As part of the Cares Act, required minimum distributions (RMD’s) from defined contribution plans, IRA’s and 401 (k) plans (a “retirement account”) have been suspended for 2020.
Some of the factors to consider before making withdrawals from your retirement account in 2020 include:
1. Whether you need the money from your retirement account for day-to-day living expenses.
2. Whether it makes sense to withdraw money from your retirement account and pay income taxes in a low tax environment. If you expect your tax rate to increase it still may make sense to withdraw part of your retirement account in 2020.
Alternatively, you could also consider converting some or all of your retirement account to a ROTH IRA. Although you would pay income tax on the amount transferred to a ROTH IRA, the advantages to a conversion include:
1. Future appreciation of the retirement account assets would not be subject to income taxes.

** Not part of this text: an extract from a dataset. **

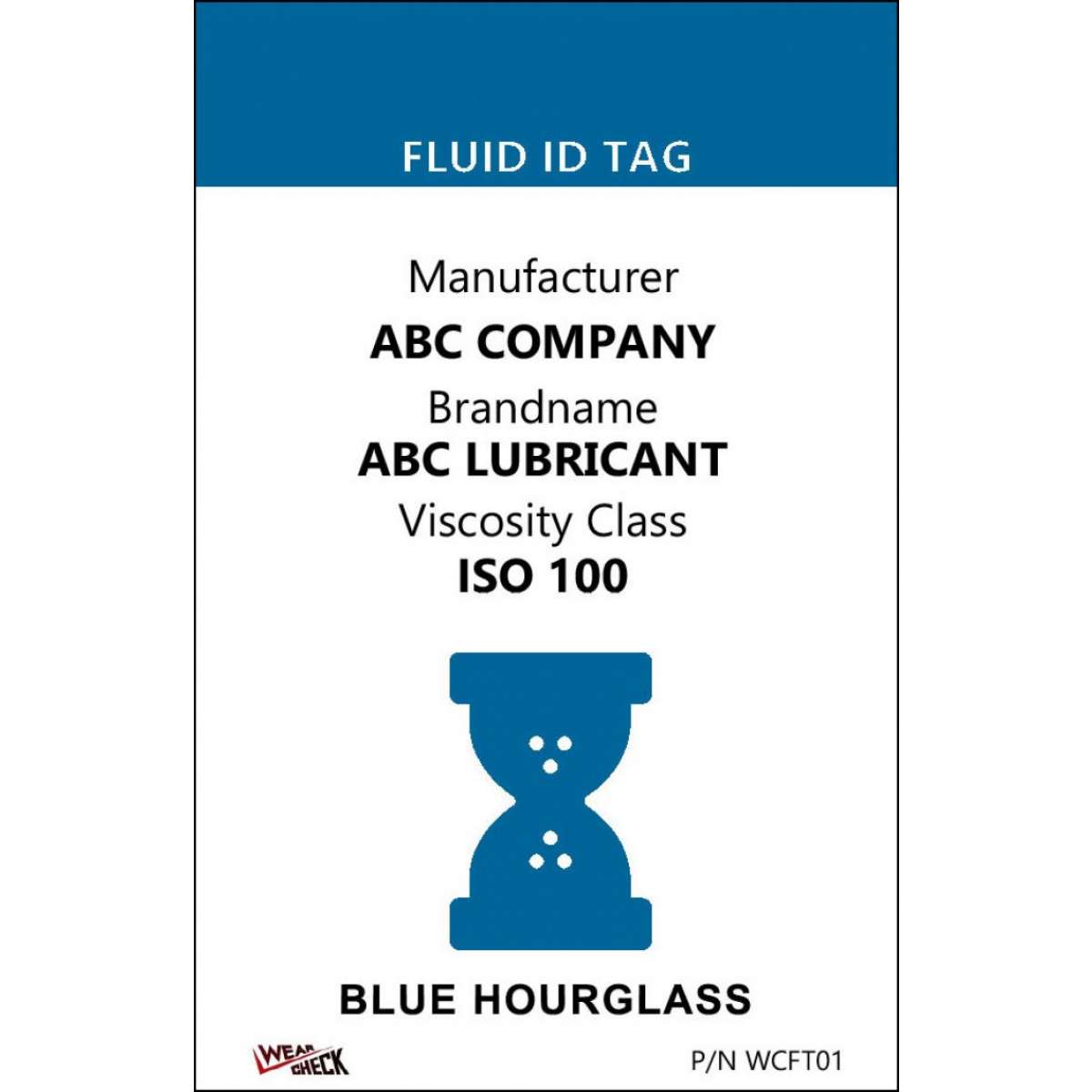 Custom ID Label - 2.2" x 3.4" - Plastic Card - Single Side - Blue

2. Withdrawals from the ROTH IRA would not be subject to RMD’s or income tax.
Note: a conversion to a ROTH IRA is permanent.

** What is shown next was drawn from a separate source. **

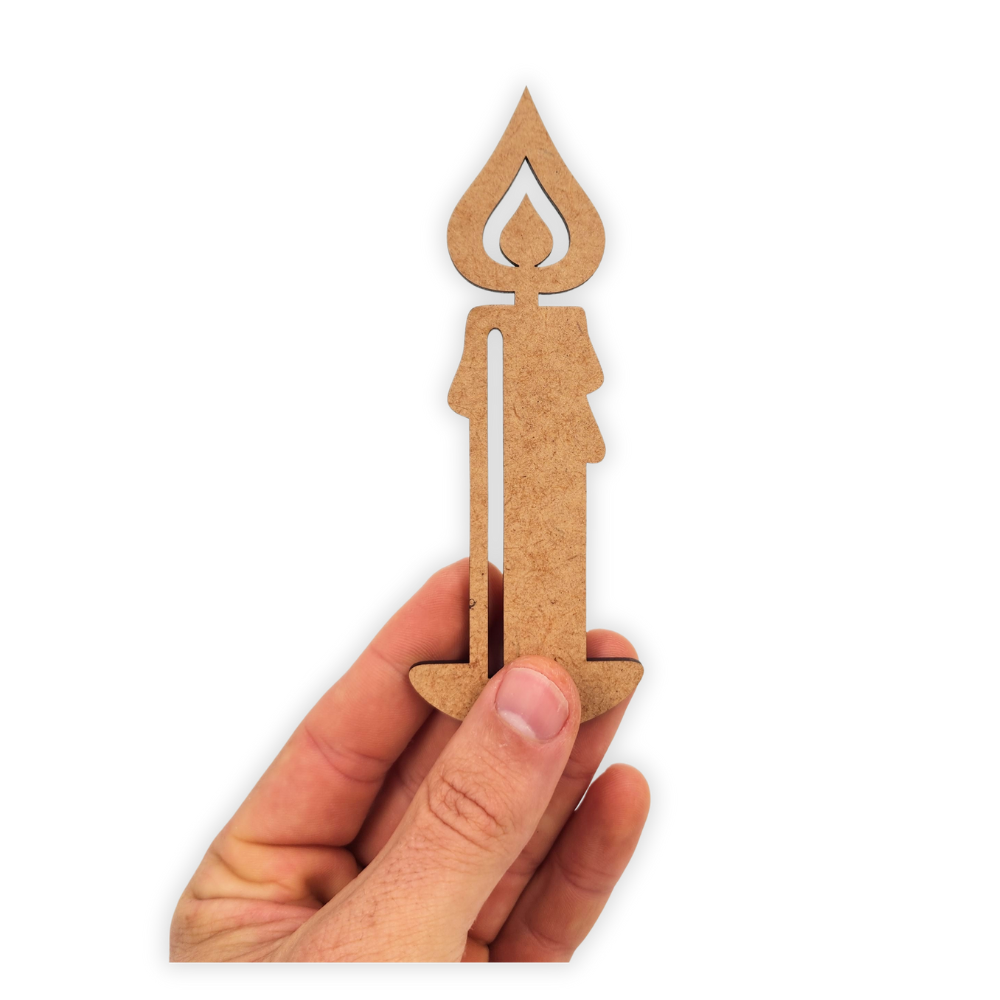 Candle with Dripping Wax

In this environment of now daily changes you need to consult with your advisors regarding the effect of 2020 distributions from your retirement accounts.
We recognize that this is a difficult and confusing time for individuals and businesses. The above paragraphs outline some of the available options. Gross Shuman stands ready to assist you and your business with any legal questions on these or other topics. Feel free to contact any of our attorneys with inquiries by phone or by email at email@example.com.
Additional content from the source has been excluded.